First Advisor

Doug Martin

Term of Graduation

Spring 1995

Date of Publication


Document Type


Degree Name

Master of Science (M.S.) in Speech Communication


Speech Communication




Hearing aids for children, Hearing disorders in children -- Rehabilitation



Physical Description

1 online resource (vi, 55 pages)


The early selection and use of an appropriate amplification system may be the most important aspect in the aural! rehabilitation of children who are hearing impaired. The main goal guiding the selection of hearing aids for children is to maximize their residual hearing through amplification in order to facilitate speech and language development.

Seewald, Ross, and Stelmachciwicz (1987) have developed a speech-spectrum based procedure for selecting hearing aid characteristics for children referred to as the Desired Sensation Level Procedure (DSL) approach.

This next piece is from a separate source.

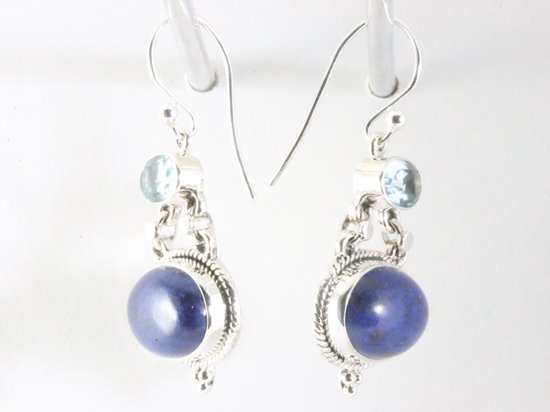 Bewerkte zilveren oorbellen met lapis lazuli en blauwe topaas afbeelding 2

This is an objective method which has been developed specifically for use with young pre-verbal children.

The purpose of the present study was to determine how closely the previously-fitted amplification systems of profoundly hearing-impaired children approximated the amplification targets that would be prescribed for their hearing losses by the DSL method. The data were used to examine the feasibility and appropriateness of the DSL method for prescribing amplification for children with profound hearing impairments.

Twenty amplification systems worn by profoundly hearing-impaired children were electroacoustically evaluated to discover how closely they approximated the DSL fitting criteria. Hearing thresholds were obtained for each subject for the frequencies 250, 500, 1000, 2000, and 4000 Hz using puretone audiometry. The DSL computer program was used to generate prescribed 2 cc. coupler targets at each frequency. The subjects' amplification systems were electroacoustically analyzed to determine the measured 2 cc. coupler response.

Means and standard deviations were reported for prescribed and measured gain values at each frequency. Two-tailed t-tests were computed to determine if a difference exists between prescribed and measured gain. The tests were considered significant at the .05 level. A significant difference between the means was found at 2000 and 4000 Hz. Correlation coefficients were calculated at each frequency to determine if a predictable relationship between prescribed and measured gain existed. Correlation coefficients showed weak relationships between the two groups of data. These results showed the difficulty of meeting prescribed amplification targets, particularly in the high frequencies for children with profound hearing impairments.